Por razones geográficas, históricas, lingüísticas y, me atrevería a decir, étnicas, las culturas asiáticas son un mundo al que, benditas tecnología y globalización, el lector o el espectador occidental puede asomarse con cada vez más facilidad, pero que difícilmente podrá llegar a conocer en profundidad. Pensemos en Japón, sin ir más lejos (lo cual sería difícil). Podemos leer a Murakami y pensar que el país del sol naciente está lleno de gatos parlanchines y pozos. Podemos ver las películas de Takeshi Kitano e imaginar un mundo de lirismo y yakuzas. Leer a Kawabata y deducir que el día gira en torno a la ceremonia del té, ver el cine de Ozu y pensar que las calles de Tokio son puntos de fuga. Todos ellos, como artistas que son, nos proporcionan un punto de vista personal de su sociedad, pero, a diferencia de lo que ocurre con otras culturas más cercanas, la variedad no nos proporciona una visión general. Y aquí entra en acción el manga, que, en mi humilde, refleja, quizá de manera más pronunciada que las otras artes, la inmensa riqueza cultural de ese país desconocido. Y por eso nos gusta tanto el manga: porque nunca deja de sorprendernos.

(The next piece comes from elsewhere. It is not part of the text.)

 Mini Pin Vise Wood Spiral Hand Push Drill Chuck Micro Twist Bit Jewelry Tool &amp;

La última sorpresa llega de la mano de Kan Takahama, una mangaka que nos habla de un periodo en la historia del Japón del que, sospecho, los propios japoneses no conocen mucho. Los lectores habituales de literatura japonesa estaréis familiarizados con esas curiosas eras, que tan importantes parecen ser y que tan poco nos dicen a nosotros. Estamos en el año X de la era Tal, nos informan, y servidor, por lo menos, se queda igual. Pues bien, Ciudad de Yutsuya, barrio de Hanazono está situada a caballo entre la era Taisho (1912-1926) y la Showa (1926-1989), y, por primera vez en mi vida, descubro las implicaciones que tiene situar la historia en una era u otra. De manera extremadamente simplificada, podemos decir que la era Taisho se caracterizó por la libertad y la democracia, mientras que la Showa, en sus primeros años, trajo el nacionalismo y sus habituales corolarios, el militarismo y el fascismo.

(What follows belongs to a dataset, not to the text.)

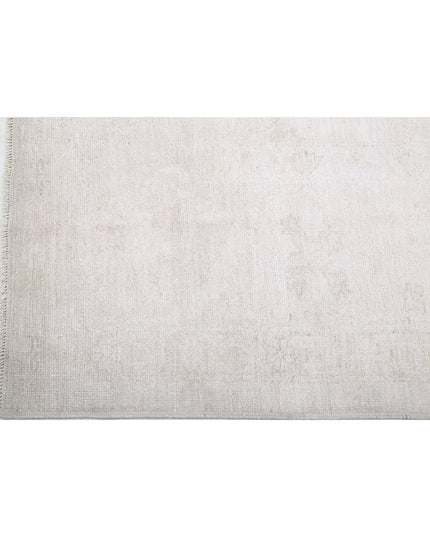 Oushak 10' 4" X 14' 1" Hand Knotted Wool Rug 10' 4" X 14' 1" (315 X 429) / Ivory / Wool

Estamos en Tokio, donde hace algún tiempo que vive nuestro héroe, Ishin, un chico de provincias que aspira a ser escritor, y que de momento tiene que ganarse la vida escribiendo relatos eróticos. De buenas a primeras nos encontramos con Ishin y su editor, Aoki, metidos de lleno en la vida golfa de tabernas y burdeles, a la búsqueda de inspiración para sus relatos. Sorprende el contenido erótico de esta parte inicial de la novela, con sexo muy explícito y diálogos que lo son todavía más. Sin embargo, lo que se perfila inicialmente como una historia para leer con una sola mano poco a poco se va convirtiendo, en primer lugar, en una original, triste y conmovedora historia de amor casi imposible entre Ishin y Aki, mestiza medio española de turbio pasado, y, en segundo lugar en el interesantísimo retrato de una breve época en la historia de Japón. Dicen que dura poco la alegría en casa del pobre. Del mismo modo, podríamos añadir que dura poco la concupiscencia en el Japón del Showa, máxime cuando el país se militariza y al peligro externo se suma en el interior la amenaza comunista. Es entonces cuando Ishin, cuyo trabajo como dibujante erótico le ha costado el repudio de su familia, debe decidir a quién se debe: a su familia, a Aki o a su país.
A tenor del modo en que la autora, en su imprescindible epílogo, hace hincapié en la veracidad de algunos de los datos históricos que aparecen en la historia, cabe suponer que también al japonés de 2017 le costará reconocer su país en aquella sociedad efímeramente libertina y descarada de hace un siglo, donde, por ejemplo, en las fiestas del pueblo los costaleros levantan un pene gigante que, a modo de ariete, hacen embestir y penetrar una descomunal vagina. Todo sea por la cosecha. Pero antes de ese epílogo, tenemos el brillante e inesperado desenlace de esta estupenda Ciudad de Yotsuya, barrio de Hanazono, donde un viaje en el tiempo nos revela el motivo personal que llevó a la autora a embarcarse en esta historia tan bonita.